= Sinan ibn Thabit =

Sabian physician, astronomer and mathematician

Abū Saʿīd Sinān ibn Thābit ibn Qurra (أبو سعيد سنان بن ثابت بن قرة), c. 880–943, was a medieval scholar who served as the court physician of the Abbasid caliphs al-Muqtadir, al-Qahir, and al-Radi.

As the son of Thabit ibn Qurra (c. 830–901) and the father of Ibrahim ibn Sinan (908–946), Sinan belonged to an illustrious family of astronomers and mathematicians who hailed from the Upper-Mesopotamian city of Harran and who worked at the Abbasid court in Baghdad. He and his family belonged to a religious sect of star worshippers known as the Sabians of Harran, though Sinan was forced to convert to Islam during al-Qahir's brief reign (932–934), in which the Abbasid caliph persecuted the Sabians and eventually forced Sinan to flee to Khurasan for a short period. It appears that his children remained Sabian: his sons Ibrahim ibn Sinan and Thabit ibn Sinan (died 976) both remained Sabian, while one his daughters married into another Sabian family, giving birth to Ibrahim ibn Hilal al-Sabi' (925–994), who also resisted multiple attempts to convert him from his ancestral faith.

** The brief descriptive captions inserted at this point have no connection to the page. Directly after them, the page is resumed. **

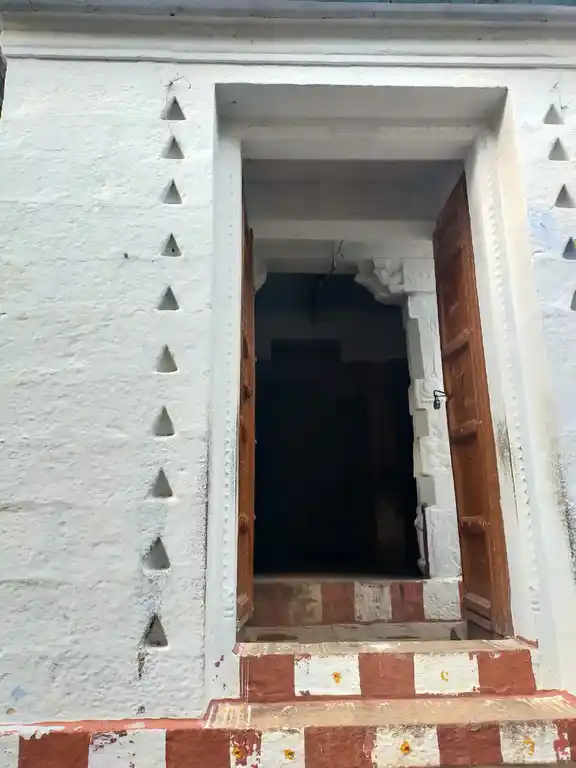 Arulmigu Ayyanar Temple, Near Rock Fort, Thiruchirappalli - 620002 Arulmigu Ayyanar Temple, Near Rock Fort, Thiruchirappalli - 620002, Thiruchirappalli - Ancient Temple Architecture and History Image 3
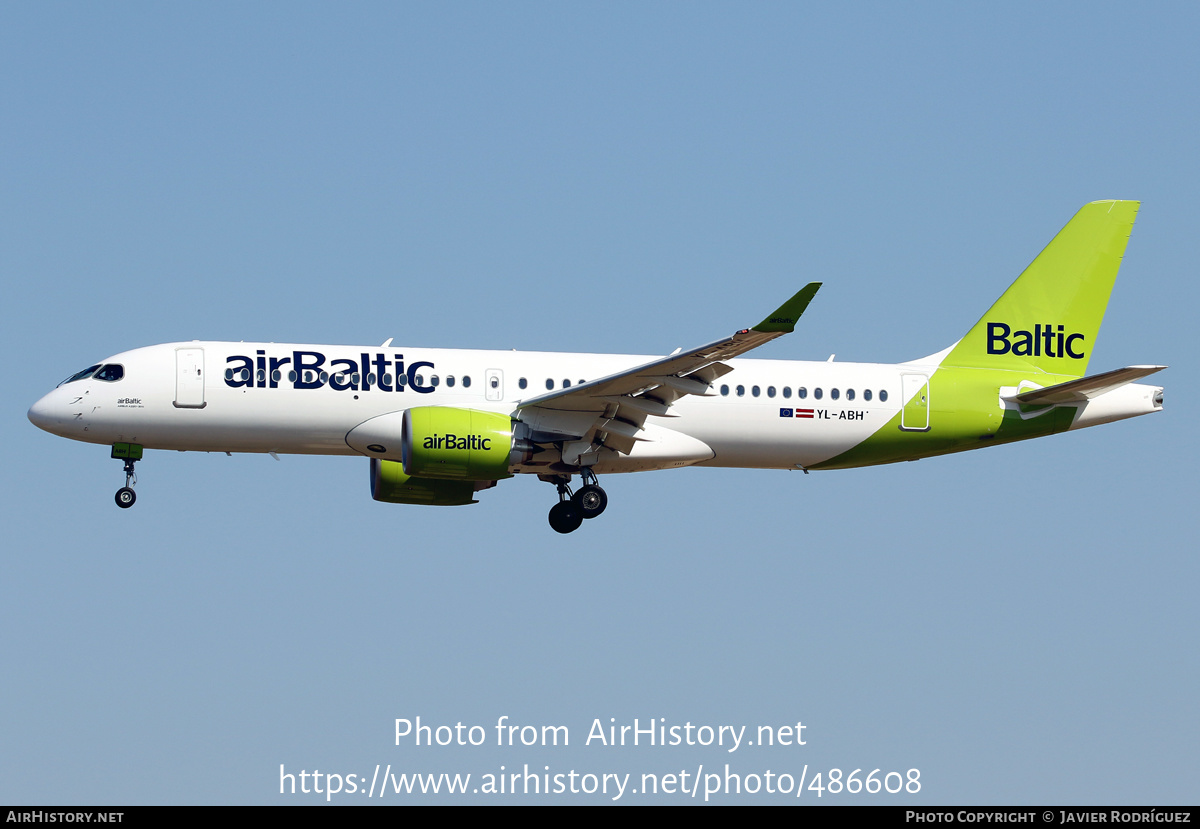 Aircraft Photo of YL-ABH | Airbus A220-371 (BD-500-1A11) | AirBaltic | AirHistory.net #486608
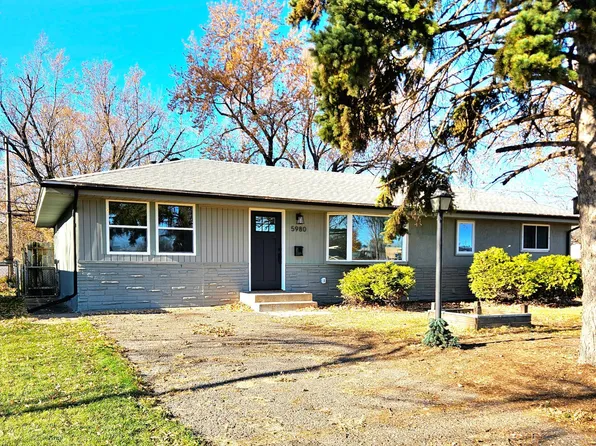 5980 7th St NE, Fridley, MN 55432
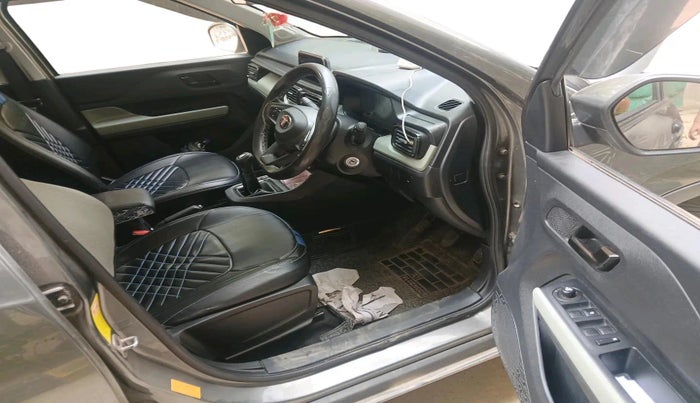 2024 Tata PUNCH ADVENTURE RHYTHM CNG, CNG, Manual, 33,589 km, interior
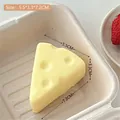Juguete squishy de queso simulado para el estrés con medidas 5,5x3,3x7,2 cm aquí - Queso Pequeño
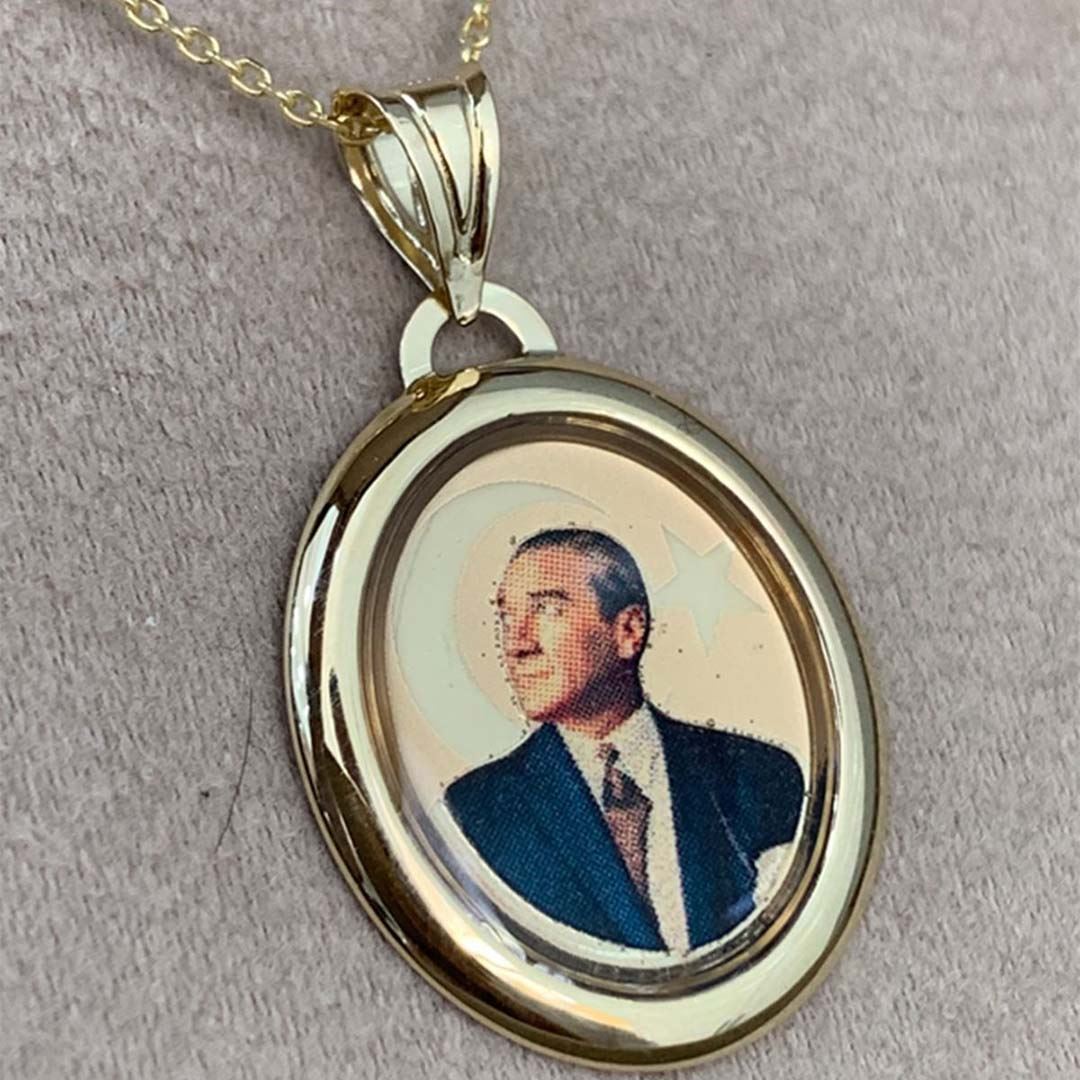 Atatürk Büssü Oval Kolye Y00332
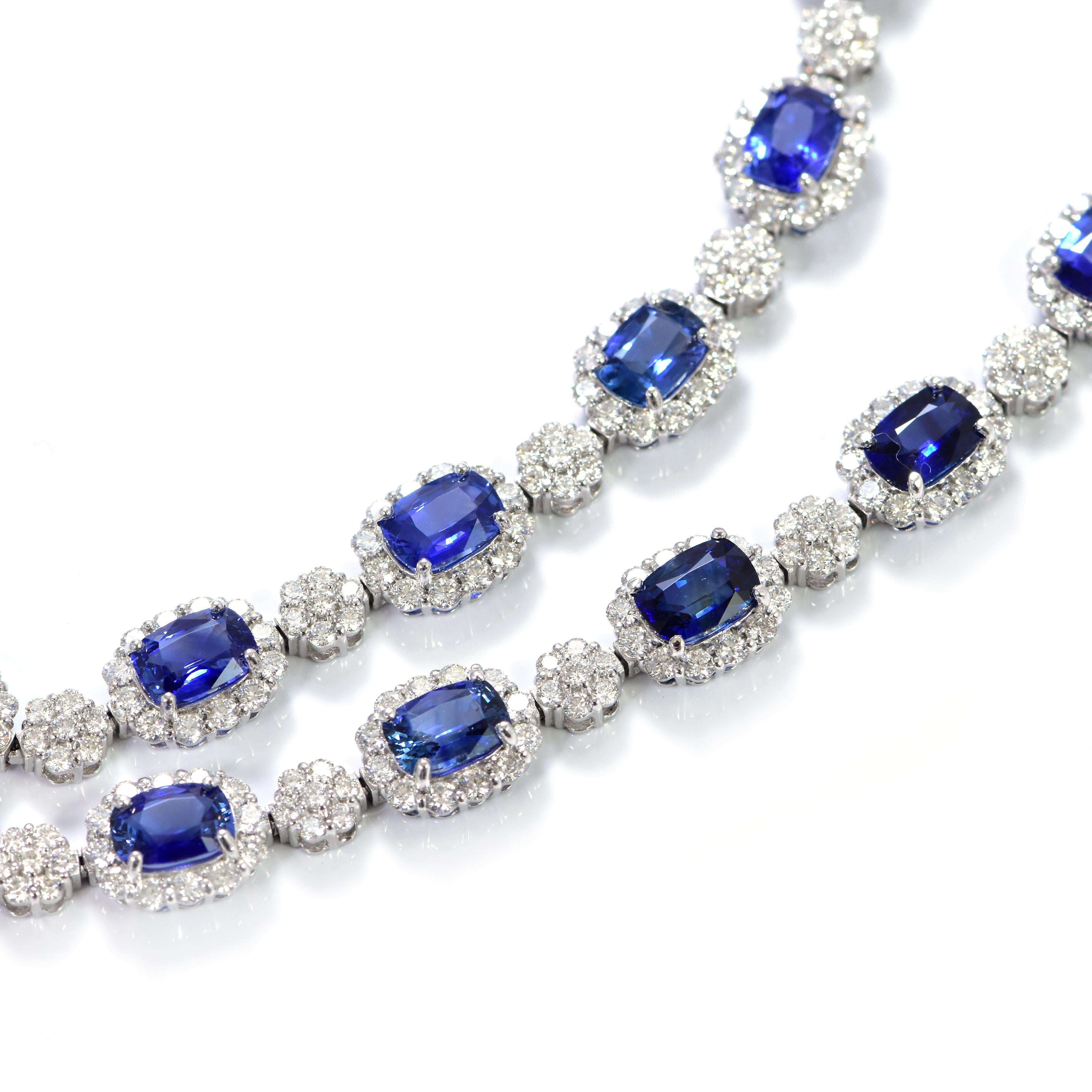 27.78 Carat Natural Ceylon Sapphires and Diamonds Necklace Made in Platinum For Sale 5
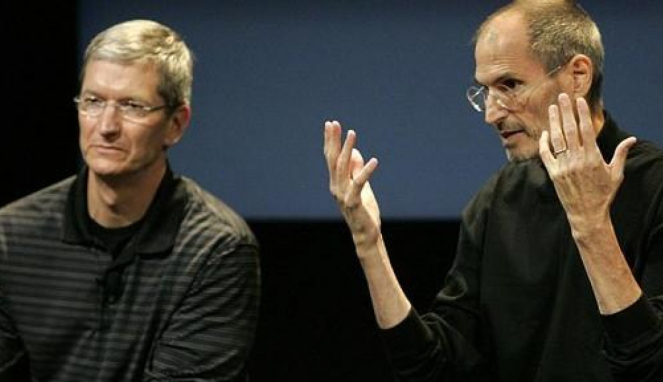 Tim Cook bersama Steve Jobs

Although Sinan ibn Thabit was primarily known as a physician, having built several hospitals in Baghdad and having overseen a licensing system for physicians, he apparently did not write anything on medicine. His works, which dealt with political philosophy, mathematics, and astronomy, are all lost except for a short treatise on moral philosophy called Siyāsat al-nufūs ("On Governing Souls"). His work on political philosophy, which was inspired by Plato's Republic, was criticized by the historian al-Mas'udi (died 956).